Antonio
Gramsci AFI: [anˈtɔːni̯o ˈgramʃi]
nasceu no norte da ilha mediterrânea da Sardenha. Era o quarto dos sete filhos de
Francesco Gramsci, um homem que tinha vários problemas com a polícia. Sua
família passou por diversas comunas da Sardenha até finalmente
instalar-se em Ghilarza.
Tendo
sido um bom estudante, Gramsci venceu um prêmio que lhe permitiu estudar literatura na Universidade
de Turim. A
cidade de Turim, à época, passava por um rápido
processo de industrialização, com as fábricas da Fiat e Lancia recrutando trabalhadores de várias regiões da
Itália. Os sindicatos se fortaleceram e começaram a
surgir conflitos sociais-trabalhistas. Gramsci frequentou círculos comunistas e
associou-se com imigrantes sardos.
Sua
situação financeira, no entanto, não era boa. As dificuldades materiais
moldaram sua visão do mundo e tiveram grande peso na sua decisão de filiar-se
ao Partido Socialista Italiano.
Gramsci,
em Turim, tornou-se jornalista. Seus escritos eram basicamente
publicados em jornais de esquerda como Avanti (órgão oficial do Partido
Socialista). Sua prosa e a erística de suas observações lhe proporcionaram
fama.
Sendo
escritor de teoria
política, Gramsci
produziu muito como editor de diversos jornais comunistas na Itália. Entre
estes, ele fundou juntamente com Palmiro Togliatti em 1919 L'Ordine Nuovo, e contribuiu para La Città
Futura.
O grupo
que se reuniu em torno de L'Ordine Nuovo aliou-se com Amadeo Bordiga e a ampla facção Comunista
Abstencionista dentro do Partido Socialista. Isto levou à organização do Partido Comunista Italiano (PCI) em 21 de janeiro de 1921. Gramsci viria a ser um dos líderes do partido
desde sua fundação, porém subordinado a Bordiga até que este perdeu a liderança
em 1924. Suas teses foram adotadas pelo
PCI no congresso que o partido realizou em 1926.

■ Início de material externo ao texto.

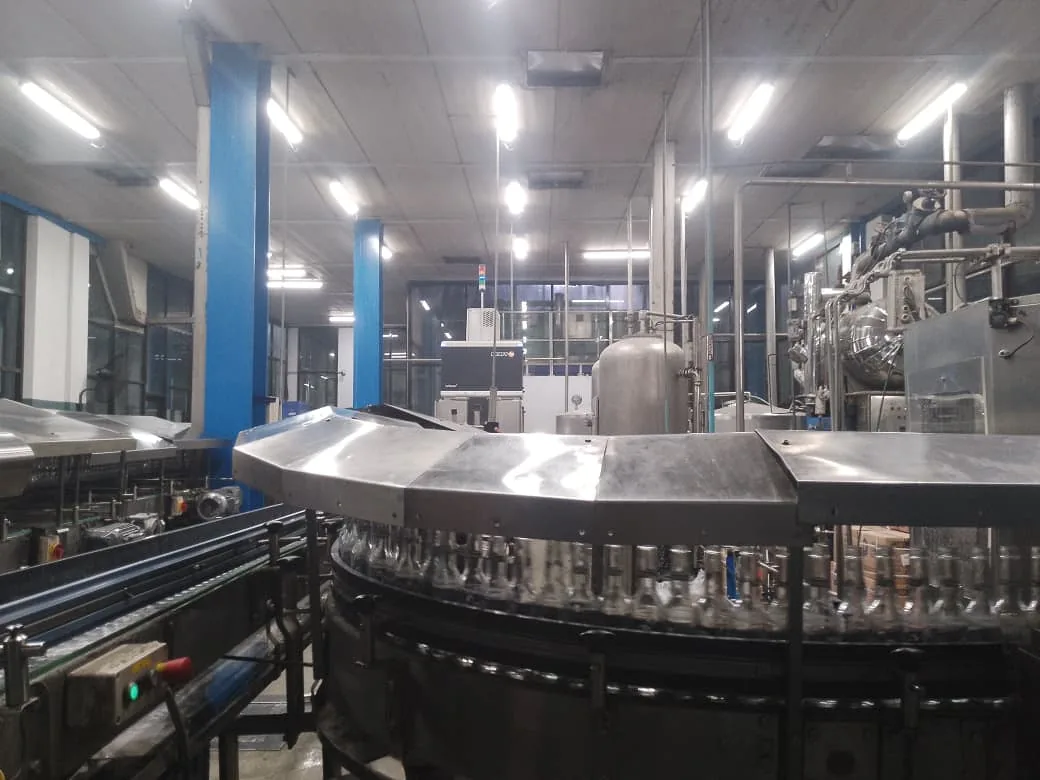 Stainless fill equipment on the Lotte Akhtar Beverages production floor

Em 1922 Gramsci foi à Rússia representando o partido, e lá
conheceu sua esposa, Giulia Schucht, uma jovem violinista com a qual teve dois filhos.
Esta
missão na Rússia coincidiu com o advento do fascismo na Itália, e Gramsci - que a
princípio havia considerado o fascismo apenas como uma forma a mais de reação
da direita - retornou com instruções da Internacional no sentido de incentivar
a união dos partidos de esquerda contra o fascismo. Uma frente deste tipo teria
idealmente o PCI como centro, o que permitiria aos comunistas influenciarem e
eventualmente conseguirem a hegemonia das forças de esquerda, até então
centradas em torno do Partido Socialista Italiano, que tinha uma certa tradição
na Itália, enquanto o Partido Comunista parecia relativamente jovem e radical.

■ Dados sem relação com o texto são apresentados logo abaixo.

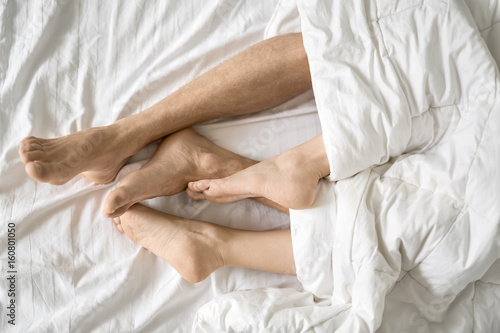 Legs of lovers under blanket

Esta proposta encontrou resistências quanto a sua implementação, inclusive dos
comunistas, que acreditavam que a Frente Única colocaria o jovem PCI numa
posição subordinada ao PSI, do qual se tinha desligado. Outros, inversamente,
acreditavam que uma coalizão capitaneada pelos comunistas ficasse distante dos
termos predominantes do debate político, o que levaria ao risco do isolamento
da Esquerda.
1924, Gramsci foi eleito deputado
pelo Veneto. Ele começou a organizar o
lançamento do jornal oficial do partido, denominado L'Unità, vivendo em Roma enquanto sua família permanecia em Moscou.
Em 1926, as manobras de Stalin dentro do Partido Bolchevista levaram Gramsci a escrever uma
carta ao Komintern, na qual ele deplorava os erros
políticos da oposição de Esquerda (dirigida por Lev Davidovitsch
Bronstein e Zinoviev) no Partido Comunista Russo,
porém apelava ao grupo dirigente de Stalin para que não expulsasse os
opositores do Partido. Togliatti, que estava em Moscou como representante do
PCI, recebeu a carta e a abriu, leu e decidiu não entregá-la ao destinatário.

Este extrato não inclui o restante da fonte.